TimK · August 18, 2021, 1:34pm

Hi,
I have a simple question about how to handle boolean values with TabularPandas.
Should they be treated as categorical variables?
If I do this they get encoded, but there are only 2 embeddings, so this is functionally the same a boolean, right?
Thanks,
Tim

JackByte · August 19, 2021, 8:48pm

Hi @TimK,

I would turn booleans into float Tensors of 0.0 and 1.0. But maybe using embeddings is smarter. Have you tried to run cont_cat_split on your data? Are the booleans part of conts or cats?

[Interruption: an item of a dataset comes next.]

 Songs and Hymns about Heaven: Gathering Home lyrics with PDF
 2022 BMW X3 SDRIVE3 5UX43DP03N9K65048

A little bit of my reasoning:
If there wasn’t fastai and its cool features we would have to encode every feature that is not a number. But how? If we have A,B,C should we turn it into A->1,B->2,C->3 (ordinal encoding) or some other constellation? One-hot encoding would basically create three columns A,B,C and each of them is a boolean indicating which of them was in the original column. But if we have features with a lot of unique values that would result in a lot of new features that are 0 most of the time.

In my understanding embeddings are a solution for both

they learn their values from the data (you don’t have to be good at guessing like in ordinal encoding)
your amount of features doesn’t grow as much as if you would use one-hot encoding

But I don’t know if embeddings can make more out of boolean columns. I guess this something that we should experiement. And probably we should experiment with it on every new dataset.

Cheers